It worked fine until today but now, when I run darknet training on my computer, it starts running for a little bit, but overflows before completing even one epoch. I watched the GPU?CPU memory and both are okay (little spike at the beginning but then normal until crash). I'm using AlexeyAB fork of darknet.
The error is :
v3 (mse loss, Normalizer: (iou: 0.75, obj: 1.00, cls: 1.00) Region 106 Avg (IOU: 0.000000), count: 6, class_loss = 13507.688477, iou_loss = 1962709219740518995334266880.000000, total_loss = 1962709219740518995334266880.000000
total_bbox = 5305, rewritten_bbox = 0.245052 %
seen 64, trained: 266 K-images (4 Kilo-batches_64)

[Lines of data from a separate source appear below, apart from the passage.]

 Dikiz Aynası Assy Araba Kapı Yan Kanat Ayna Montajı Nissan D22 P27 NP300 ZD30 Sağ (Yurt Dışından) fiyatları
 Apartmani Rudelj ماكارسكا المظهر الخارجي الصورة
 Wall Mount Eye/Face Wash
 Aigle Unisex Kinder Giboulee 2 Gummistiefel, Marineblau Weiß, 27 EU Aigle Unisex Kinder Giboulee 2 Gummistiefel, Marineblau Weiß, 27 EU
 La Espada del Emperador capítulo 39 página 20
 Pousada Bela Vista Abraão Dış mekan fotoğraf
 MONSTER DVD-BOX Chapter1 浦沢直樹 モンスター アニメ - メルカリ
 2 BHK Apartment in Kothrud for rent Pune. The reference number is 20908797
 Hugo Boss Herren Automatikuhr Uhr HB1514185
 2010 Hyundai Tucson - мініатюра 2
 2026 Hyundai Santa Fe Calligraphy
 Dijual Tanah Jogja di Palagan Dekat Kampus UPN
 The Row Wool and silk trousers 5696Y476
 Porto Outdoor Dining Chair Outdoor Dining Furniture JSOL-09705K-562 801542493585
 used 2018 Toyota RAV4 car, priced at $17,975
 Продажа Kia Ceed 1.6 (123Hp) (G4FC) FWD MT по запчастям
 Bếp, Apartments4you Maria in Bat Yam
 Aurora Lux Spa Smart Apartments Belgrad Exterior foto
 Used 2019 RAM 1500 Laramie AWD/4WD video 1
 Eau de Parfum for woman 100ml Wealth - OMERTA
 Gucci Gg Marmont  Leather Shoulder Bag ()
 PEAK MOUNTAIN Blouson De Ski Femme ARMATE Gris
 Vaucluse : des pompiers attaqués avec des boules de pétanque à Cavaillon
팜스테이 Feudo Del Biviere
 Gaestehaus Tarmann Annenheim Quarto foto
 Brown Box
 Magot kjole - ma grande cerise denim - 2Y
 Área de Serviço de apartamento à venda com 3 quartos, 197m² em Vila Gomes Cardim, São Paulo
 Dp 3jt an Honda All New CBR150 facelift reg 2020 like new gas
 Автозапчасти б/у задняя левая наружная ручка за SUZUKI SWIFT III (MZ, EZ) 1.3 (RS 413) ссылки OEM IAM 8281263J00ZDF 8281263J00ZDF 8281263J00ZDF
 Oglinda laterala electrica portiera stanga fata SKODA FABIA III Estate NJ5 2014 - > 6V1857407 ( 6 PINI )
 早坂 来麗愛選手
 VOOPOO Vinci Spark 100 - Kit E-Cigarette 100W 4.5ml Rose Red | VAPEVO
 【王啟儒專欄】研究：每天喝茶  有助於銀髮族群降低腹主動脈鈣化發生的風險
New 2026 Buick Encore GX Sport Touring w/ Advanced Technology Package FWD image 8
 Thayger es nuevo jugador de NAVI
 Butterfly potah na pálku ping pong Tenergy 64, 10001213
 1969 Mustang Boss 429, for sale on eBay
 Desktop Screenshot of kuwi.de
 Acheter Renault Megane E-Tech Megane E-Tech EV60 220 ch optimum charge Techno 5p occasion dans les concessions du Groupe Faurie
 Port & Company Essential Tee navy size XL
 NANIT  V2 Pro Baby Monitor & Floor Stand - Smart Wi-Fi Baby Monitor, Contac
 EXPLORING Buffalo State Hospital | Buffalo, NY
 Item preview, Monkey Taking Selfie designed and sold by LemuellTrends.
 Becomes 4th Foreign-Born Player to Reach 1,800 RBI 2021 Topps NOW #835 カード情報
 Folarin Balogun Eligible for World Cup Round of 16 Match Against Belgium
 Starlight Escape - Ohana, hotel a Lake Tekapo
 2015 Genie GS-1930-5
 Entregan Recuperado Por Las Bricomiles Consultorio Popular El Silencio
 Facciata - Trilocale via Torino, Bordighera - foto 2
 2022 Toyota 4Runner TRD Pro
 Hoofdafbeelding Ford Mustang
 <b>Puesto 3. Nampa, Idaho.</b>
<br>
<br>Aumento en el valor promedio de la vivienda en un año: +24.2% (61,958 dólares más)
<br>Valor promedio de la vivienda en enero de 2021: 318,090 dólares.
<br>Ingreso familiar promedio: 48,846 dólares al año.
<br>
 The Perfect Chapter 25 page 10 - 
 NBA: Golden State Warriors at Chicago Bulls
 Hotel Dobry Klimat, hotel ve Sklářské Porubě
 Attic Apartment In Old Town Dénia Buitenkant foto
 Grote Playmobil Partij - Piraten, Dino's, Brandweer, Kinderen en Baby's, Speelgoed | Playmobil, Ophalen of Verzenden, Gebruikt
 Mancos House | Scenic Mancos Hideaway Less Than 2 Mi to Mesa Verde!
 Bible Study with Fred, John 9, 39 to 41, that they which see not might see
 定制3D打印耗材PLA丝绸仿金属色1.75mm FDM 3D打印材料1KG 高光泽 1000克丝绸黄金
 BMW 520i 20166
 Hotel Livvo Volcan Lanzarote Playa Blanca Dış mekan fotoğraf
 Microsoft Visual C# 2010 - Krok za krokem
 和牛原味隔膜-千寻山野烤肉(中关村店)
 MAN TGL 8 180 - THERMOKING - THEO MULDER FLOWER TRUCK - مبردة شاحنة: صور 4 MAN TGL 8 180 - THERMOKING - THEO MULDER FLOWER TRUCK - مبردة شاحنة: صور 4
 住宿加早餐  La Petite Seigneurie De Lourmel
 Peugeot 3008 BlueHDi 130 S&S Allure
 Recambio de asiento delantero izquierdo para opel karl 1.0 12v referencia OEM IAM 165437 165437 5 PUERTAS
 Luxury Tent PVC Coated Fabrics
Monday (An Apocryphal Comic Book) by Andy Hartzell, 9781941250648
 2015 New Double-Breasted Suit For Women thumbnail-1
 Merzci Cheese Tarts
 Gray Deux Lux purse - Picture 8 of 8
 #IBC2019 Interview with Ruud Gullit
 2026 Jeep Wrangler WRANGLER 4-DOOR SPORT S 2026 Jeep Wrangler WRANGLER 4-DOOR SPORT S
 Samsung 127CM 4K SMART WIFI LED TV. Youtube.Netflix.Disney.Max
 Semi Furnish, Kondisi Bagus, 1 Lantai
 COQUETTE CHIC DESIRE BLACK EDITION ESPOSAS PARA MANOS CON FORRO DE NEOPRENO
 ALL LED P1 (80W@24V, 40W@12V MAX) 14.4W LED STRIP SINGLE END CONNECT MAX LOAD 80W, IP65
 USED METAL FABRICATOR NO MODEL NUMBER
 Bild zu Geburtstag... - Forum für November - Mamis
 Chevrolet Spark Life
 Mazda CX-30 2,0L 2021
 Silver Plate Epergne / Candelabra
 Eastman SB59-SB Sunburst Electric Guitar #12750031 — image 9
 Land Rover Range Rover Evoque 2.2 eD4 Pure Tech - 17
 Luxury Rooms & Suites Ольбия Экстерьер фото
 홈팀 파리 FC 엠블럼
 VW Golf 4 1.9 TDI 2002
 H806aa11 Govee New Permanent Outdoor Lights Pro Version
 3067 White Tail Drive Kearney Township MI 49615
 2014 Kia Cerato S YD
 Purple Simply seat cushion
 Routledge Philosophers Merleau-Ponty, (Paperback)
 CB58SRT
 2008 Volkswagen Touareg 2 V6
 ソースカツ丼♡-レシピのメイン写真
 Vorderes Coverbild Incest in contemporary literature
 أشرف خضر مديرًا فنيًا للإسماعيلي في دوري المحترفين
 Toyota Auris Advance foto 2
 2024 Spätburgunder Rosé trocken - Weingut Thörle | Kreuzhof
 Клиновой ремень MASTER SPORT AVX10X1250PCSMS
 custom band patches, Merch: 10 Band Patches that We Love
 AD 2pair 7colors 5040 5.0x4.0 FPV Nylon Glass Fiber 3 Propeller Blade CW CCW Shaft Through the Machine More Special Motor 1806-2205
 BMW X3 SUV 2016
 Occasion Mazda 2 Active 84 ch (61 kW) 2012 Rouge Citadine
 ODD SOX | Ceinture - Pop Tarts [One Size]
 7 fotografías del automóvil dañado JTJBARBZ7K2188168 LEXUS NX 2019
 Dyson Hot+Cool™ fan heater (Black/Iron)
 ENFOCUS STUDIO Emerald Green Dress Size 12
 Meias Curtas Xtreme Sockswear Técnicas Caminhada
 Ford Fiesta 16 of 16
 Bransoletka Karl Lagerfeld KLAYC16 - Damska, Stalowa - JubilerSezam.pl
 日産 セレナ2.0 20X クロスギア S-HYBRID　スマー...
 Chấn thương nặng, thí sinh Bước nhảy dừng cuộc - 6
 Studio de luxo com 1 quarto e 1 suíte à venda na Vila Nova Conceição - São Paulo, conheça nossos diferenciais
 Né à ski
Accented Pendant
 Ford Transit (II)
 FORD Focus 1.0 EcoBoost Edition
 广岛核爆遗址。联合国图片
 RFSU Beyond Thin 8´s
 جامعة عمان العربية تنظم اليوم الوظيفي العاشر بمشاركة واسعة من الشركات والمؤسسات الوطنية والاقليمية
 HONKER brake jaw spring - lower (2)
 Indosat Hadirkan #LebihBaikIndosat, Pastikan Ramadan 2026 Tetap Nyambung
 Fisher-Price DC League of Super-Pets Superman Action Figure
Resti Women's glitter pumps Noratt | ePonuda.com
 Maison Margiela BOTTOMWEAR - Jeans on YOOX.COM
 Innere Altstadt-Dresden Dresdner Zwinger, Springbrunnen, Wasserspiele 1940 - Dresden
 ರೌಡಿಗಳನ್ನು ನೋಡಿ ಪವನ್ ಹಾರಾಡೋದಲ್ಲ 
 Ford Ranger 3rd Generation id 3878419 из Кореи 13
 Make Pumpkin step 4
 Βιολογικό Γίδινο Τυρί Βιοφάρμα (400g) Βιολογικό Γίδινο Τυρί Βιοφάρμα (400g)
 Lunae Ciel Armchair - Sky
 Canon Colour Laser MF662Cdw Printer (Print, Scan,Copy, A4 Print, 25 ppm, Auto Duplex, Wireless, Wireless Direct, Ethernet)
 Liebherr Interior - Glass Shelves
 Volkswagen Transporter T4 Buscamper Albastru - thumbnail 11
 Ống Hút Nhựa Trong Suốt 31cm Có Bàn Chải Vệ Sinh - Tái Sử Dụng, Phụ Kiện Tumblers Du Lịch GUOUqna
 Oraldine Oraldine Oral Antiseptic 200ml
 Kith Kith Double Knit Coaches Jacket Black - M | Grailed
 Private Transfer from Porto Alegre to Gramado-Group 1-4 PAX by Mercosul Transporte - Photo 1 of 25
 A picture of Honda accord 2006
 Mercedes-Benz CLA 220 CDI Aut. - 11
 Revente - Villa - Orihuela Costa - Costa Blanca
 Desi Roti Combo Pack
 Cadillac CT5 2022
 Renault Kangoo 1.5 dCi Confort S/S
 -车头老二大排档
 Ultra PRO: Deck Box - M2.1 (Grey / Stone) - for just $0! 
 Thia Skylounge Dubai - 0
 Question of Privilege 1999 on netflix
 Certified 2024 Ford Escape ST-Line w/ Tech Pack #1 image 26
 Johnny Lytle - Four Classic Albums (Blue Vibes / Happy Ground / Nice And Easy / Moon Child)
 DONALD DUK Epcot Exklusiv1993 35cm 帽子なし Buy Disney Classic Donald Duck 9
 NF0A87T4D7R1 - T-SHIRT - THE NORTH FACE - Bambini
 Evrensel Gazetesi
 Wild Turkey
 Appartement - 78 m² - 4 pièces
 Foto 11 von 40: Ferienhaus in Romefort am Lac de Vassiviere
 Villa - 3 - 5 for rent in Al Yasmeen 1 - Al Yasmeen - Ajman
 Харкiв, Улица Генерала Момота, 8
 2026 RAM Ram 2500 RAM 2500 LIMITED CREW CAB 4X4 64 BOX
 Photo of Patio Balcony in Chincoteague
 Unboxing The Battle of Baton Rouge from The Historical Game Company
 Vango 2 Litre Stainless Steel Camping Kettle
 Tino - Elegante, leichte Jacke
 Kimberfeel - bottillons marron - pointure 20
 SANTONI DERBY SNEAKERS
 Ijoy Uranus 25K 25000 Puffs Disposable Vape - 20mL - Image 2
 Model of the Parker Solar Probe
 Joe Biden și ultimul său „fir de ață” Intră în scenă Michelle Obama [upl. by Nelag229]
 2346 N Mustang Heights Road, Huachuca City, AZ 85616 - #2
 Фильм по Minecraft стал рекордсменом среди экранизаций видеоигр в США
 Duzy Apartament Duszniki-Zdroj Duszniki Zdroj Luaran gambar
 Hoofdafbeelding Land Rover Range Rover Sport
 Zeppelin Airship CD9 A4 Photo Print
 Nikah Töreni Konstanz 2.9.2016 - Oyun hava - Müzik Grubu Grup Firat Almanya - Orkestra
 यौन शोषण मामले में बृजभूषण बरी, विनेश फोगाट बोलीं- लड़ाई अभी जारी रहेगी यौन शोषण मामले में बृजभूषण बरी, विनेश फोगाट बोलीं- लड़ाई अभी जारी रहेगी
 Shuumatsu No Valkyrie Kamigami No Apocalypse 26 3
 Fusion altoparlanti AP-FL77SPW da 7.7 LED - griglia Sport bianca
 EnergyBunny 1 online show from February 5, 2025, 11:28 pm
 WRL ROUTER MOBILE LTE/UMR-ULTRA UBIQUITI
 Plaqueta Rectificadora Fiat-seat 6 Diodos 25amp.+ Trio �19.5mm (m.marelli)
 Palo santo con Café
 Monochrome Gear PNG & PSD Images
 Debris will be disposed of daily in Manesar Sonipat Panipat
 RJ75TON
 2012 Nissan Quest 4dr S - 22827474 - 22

Learning Rate: 0.001, Momentum: 0.9, Decay: 0.0005
Detection layer: 82 - type = 28
Detection layer: 94 - type = 28
Detection layer: 106 - type = 28
If error occurs - run training with flag: -dont_show
Resizing, random_coef = 1.40
608 x 608
try to allocate additional workspace_size = 1138.23 MB
CUDA allocate done!
Loaded: 0.000037 seconds
(next mAP calculation at 230 iterations)
131: 193631524938497389469106176.000000, 193631524938497389469106176.000000 avg loss, 0.001000 rate, 38.027819 seconds, 268288 images, -1.000000 hours left
*** buffer overflow detected ***: terminated
I saw multiple cases of this error and the problem came from the labels containing \r
. I checked my files with python and it was okay :
0 0.2846875 0.001953125 0.008125 0.00390625\n0 0.6734375 0.30859375 0.014375 0.1953125\n0 0.298125 0.626953125 0.01 0.16015625\n0 0.285625 0.912109375 0.0125 0.17578125\n
What can I do to correct the buffer overflow ?
Well I found what caused the error. When I trained the model, I made it save at every 10 epochs so that it would be easy to continue after a crash by simply inputting the last calculated weights as starting point. The last weights were causing the problem. When I changed the starting file, it worked fine again.